(Data supplied)

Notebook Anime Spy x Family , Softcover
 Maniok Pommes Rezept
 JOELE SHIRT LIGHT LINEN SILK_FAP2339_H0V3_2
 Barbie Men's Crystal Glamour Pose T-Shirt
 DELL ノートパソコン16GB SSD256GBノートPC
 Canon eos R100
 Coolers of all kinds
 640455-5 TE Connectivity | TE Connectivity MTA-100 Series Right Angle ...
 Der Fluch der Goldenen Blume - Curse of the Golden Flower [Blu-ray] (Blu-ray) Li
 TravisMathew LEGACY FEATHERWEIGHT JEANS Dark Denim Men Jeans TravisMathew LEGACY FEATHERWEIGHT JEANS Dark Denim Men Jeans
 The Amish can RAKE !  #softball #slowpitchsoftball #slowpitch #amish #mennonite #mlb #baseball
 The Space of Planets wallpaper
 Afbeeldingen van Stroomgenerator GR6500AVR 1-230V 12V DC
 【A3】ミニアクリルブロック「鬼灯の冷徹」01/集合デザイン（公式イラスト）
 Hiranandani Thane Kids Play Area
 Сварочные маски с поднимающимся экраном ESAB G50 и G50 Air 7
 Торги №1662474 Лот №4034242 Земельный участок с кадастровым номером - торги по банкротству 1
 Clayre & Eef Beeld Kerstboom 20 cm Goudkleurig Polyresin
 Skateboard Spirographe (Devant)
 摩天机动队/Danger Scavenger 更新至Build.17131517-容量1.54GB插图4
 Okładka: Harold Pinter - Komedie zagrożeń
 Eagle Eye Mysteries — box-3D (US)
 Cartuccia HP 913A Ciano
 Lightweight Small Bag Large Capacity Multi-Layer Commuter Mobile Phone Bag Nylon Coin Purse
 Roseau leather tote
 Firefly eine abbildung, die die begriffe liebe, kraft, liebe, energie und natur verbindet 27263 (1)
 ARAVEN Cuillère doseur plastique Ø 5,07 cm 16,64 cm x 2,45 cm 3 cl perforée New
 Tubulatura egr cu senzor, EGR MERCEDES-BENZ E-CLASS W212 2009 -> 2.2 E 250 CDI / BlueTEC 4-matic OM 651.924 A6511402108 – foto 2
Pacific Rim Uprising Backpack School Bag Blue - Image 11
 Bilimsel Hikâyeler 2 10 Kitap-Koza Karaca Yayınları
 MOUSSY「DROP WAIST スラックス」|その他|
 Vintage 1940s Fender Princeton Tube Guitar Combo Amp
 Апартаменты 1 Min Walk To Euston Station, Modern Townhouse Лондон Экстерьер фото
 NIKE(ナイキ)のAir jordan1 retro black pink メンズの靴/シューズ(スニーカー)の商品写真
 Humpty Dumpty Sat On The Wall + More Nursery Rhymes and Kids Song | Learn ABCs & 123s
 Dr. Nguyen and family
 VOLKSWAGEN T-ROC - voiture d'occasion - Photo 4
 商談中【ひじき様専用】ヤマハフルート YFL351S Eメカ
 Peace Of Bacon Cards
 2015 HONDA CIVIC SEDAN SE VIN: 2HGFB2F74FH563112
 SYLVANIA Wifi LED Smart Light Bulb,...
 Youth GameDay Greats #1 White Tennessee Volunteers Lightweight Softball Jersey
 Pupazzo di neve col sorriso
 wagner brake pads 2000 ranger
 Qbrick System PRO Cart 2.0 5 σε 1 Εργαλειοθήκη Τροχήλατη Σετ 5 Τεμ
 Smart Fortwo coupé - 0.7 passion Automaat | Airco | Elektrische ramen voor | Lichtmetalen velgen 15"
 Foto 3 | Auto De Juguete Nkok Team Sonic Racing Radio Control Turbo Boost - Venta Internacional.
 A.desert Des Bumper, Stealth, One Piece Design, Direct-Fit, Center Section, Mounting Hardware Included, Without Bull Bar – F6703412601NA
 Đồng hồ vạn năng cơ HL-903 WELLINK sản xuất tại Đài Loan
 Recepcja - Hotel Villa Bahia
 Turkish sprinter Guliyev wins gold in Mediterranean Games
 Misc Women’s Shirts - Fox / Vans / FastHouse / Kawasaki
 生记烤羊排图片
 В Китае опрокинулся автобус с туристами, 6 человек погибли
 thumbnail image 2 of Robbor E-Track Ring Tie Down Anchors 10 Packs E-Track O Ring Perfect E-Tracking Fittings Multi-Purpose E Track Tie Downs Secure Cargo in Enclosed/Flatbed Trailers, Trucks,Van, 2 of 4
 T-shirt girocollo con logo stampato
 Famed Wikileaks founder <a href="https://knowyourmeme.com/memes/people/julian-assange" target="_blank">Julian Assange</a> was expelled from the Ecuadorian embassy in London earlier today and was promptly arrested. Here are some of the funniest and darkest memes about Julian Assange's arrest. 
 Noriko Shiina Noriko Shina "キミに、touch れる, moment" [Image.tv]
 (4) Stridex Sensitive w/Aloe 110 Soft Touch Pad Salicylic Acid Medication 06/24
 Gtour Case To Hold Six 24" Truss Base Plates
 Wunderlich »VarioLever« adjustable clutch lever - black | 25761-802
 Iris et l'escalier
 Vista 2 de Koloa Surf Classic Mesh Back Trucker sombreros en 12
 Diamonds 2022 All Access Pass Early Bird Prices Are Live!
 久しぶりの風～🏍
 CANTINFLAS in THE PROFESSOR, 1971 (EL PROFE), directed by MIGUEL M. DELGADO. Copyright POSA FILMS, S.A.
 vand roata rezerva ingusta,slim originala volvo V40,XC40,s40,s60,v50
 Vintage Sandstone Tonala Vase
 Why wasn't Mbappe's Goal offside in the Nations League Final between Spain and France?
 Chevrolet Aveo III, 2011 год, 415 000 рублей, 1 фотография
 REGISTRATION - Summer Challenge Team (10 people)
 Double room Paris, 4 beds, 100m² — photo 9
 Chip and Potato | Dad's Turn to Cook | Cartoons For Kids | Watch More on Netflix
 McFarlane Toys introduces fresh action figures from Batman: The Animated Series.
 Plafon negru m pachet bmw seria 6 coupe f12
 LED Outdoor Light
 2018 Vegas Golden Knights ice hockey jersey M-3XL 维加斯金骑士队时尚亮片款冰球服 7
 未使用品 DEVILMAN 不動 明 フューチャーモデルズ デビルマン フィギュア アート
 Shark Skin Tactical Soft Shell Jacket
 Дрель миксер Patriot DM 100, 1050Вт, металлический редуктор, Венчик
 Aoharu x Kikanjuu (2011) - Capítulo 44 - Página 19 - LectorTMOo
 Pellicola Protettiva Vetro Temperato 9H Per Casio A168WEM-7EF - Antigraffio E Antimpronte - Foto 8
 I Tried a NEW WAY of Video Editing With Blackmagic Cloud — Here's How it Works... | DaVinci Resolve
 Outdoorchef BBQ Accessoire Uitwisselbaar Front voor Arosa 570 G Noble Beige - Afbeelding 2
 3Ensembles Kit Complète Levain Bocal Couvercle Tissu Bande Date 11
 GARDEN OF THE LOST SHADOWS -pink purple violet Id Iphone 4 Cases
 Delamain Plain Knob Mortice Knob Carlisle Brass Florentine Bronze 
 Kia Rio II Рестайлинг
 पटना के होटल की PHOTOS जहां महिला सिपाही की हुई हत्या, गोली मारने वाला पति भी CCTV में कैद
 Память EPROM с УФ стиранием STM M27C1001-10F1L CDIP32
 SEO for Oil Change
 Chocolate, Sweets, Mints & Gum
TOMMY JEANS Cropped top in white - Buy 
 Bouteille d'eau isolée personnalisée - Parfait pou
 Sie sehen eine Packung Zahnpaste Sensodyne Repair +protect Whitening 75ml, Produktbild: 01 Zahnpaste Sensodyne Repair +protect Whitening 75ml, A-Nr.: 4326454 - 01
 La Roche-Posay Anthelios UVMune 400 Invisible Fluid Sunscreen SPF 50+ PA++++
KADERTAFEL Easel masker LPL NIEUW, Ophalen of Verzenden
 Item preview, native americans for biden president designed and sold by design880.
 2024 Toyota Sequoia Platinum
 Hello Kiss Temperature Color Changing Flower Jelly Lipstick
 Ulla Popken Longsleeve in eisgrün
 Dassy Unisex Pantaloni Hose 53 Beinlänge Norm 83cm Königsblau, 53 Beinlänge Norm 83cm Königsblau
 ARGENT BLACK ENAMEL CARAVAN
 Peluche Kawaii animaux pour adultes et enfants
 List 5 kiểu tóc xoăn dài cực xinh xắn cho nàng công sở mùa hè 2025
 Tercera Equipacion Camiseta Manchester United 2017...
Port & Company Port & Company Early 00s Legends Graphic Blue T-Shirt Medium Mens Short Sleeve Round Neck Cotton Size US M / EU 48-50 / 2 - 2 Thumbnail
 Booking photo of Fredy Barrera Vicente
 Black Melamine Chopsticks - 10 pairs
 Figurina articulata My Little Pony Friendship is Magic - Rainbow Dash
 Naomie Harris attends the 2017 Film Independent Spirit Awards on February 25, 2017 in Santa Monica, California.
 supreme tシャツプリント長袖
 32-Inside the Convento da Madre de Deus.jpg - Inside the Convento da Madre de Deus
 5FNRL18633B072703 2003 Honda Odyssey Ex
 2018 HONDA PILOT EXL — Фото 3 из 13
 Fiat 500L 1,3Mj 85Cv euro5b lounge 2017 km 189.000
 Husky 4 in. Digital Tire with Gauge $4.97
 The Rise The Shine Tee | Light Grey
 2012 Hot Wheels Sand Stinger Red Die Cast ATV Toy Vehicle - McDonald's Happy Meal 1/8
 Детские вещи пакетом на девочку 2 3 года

(End Data supplied)

Tell how many lines in the entries contain the string "Early". Give the number and nothing more.

### Your solution
2